== Exercise data ==

=== Section Start ===

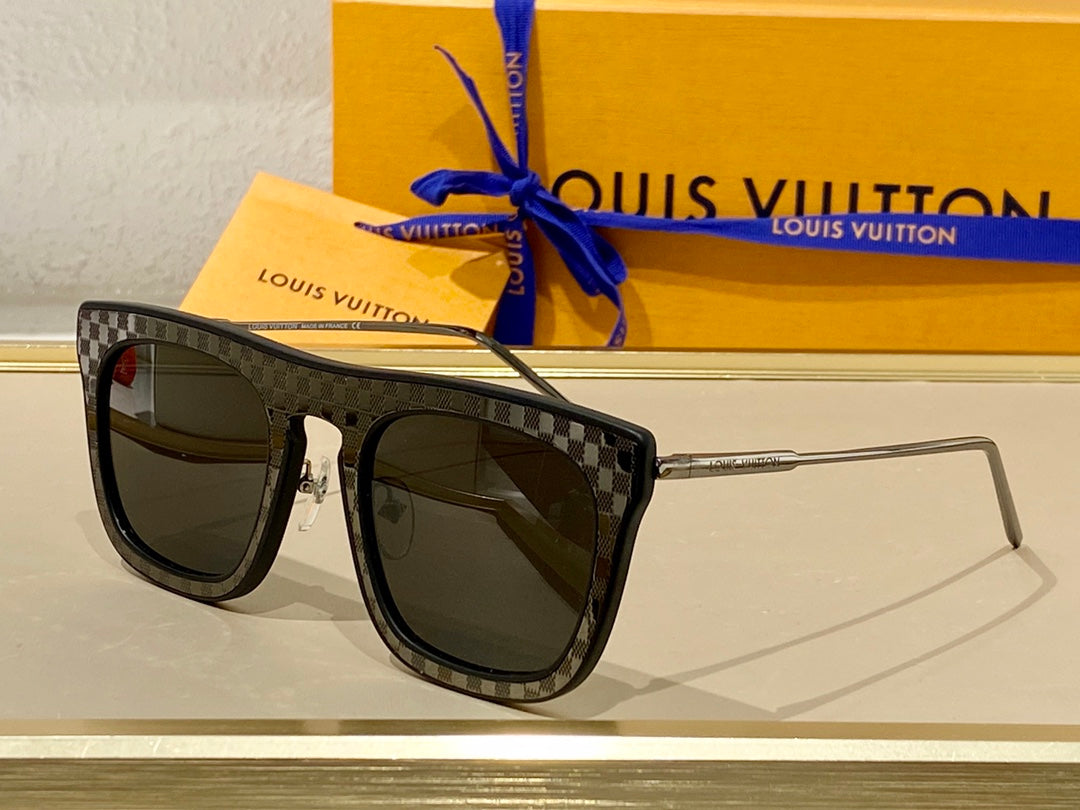 Louis Vuitton Sunglasses - DEEPREPS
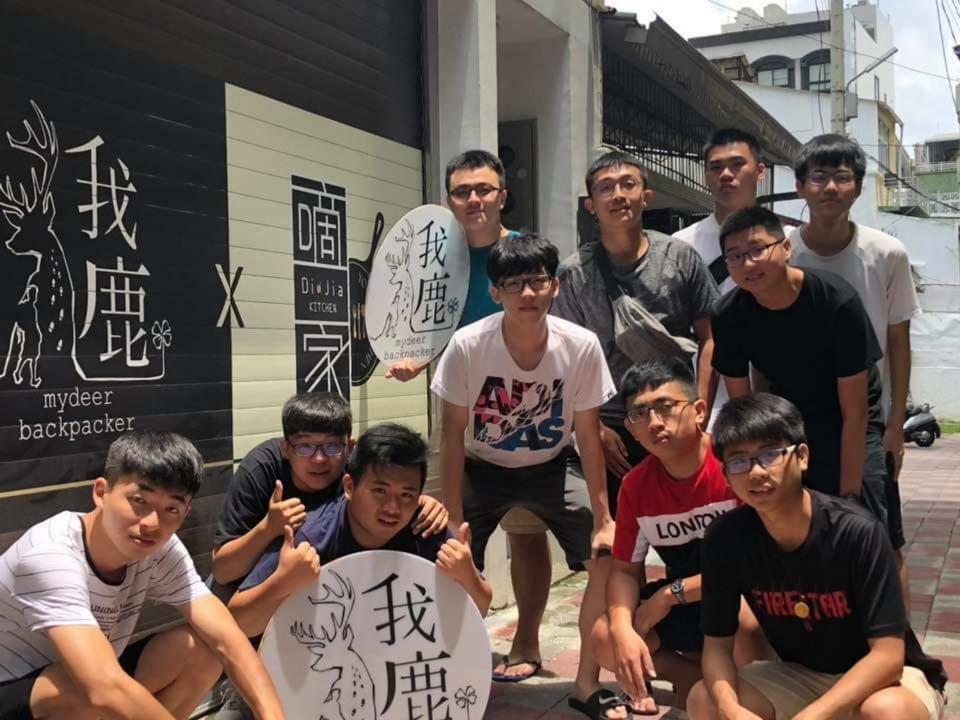 Hostel Mydeer Backpacker Tainan Exterior foto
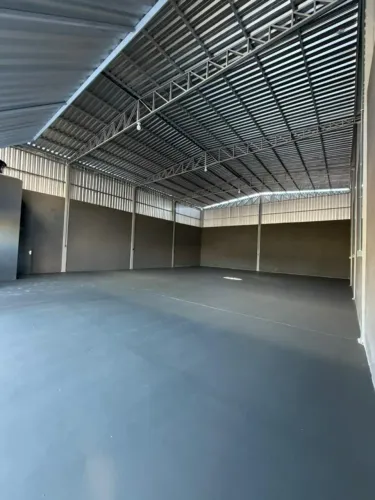 Galpão 235mt2 para aluguel. Itapema bairro Morretes rua 418. Novo, primeiro aluguel.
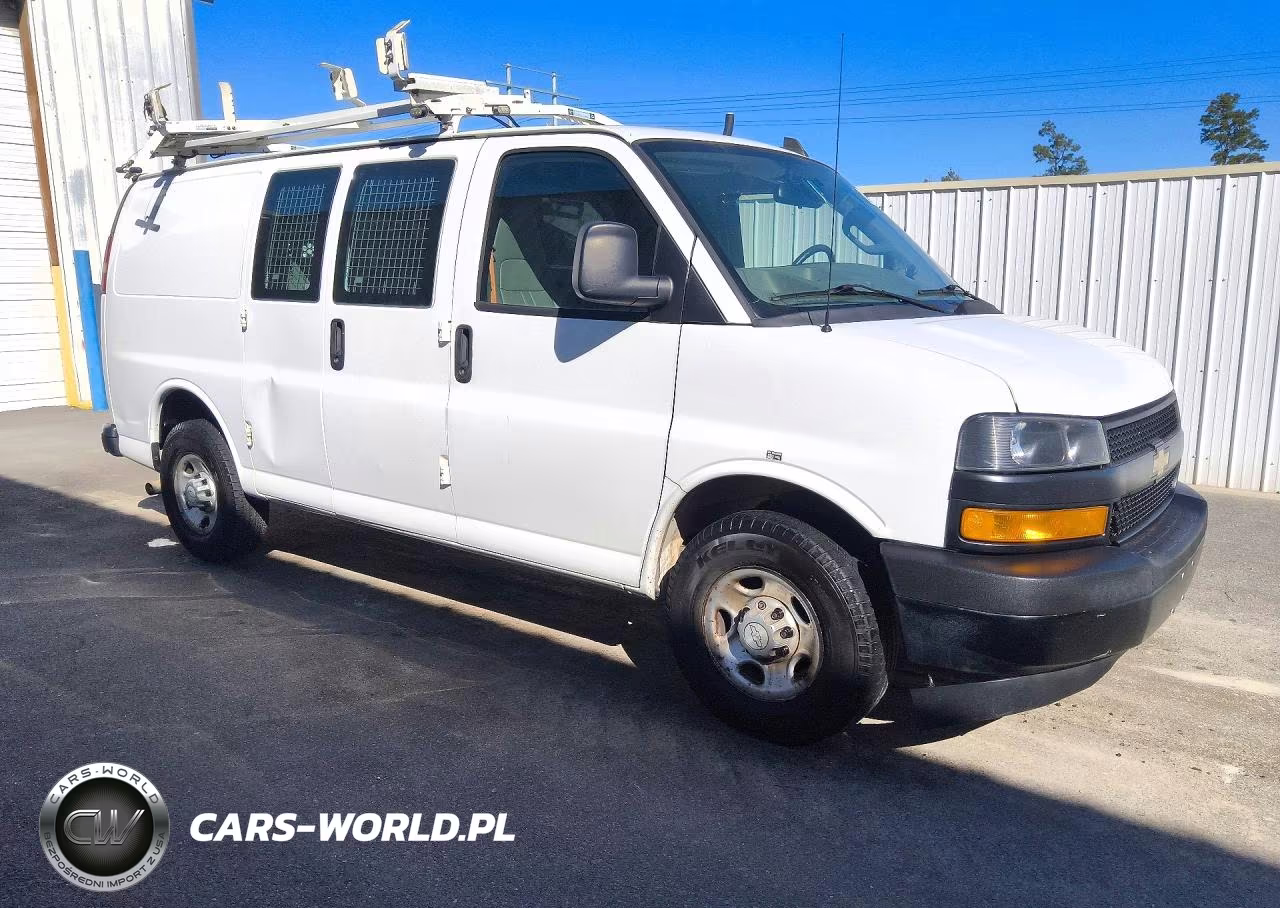 2018 Chevrolet Express G2500 VIN:1GCWGAFP4J1189375 - 4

=== Section End ===

== What to produce ==
Output the data above exactly; pictures do not belong in the copy.

== Task answer ==
 Louis Vuitton Sunglasses - DEEPREPS
 Hostel Mydeer Backpacker Tainan Exterior foto
 Galpão 235mt2 para aluguel. Itapema bairro Morretes rua 418. Novo, primeiro aluguel.
 2018 Chevrolet Express G2500 VIN:1GCWGAFP4J1189375 - 4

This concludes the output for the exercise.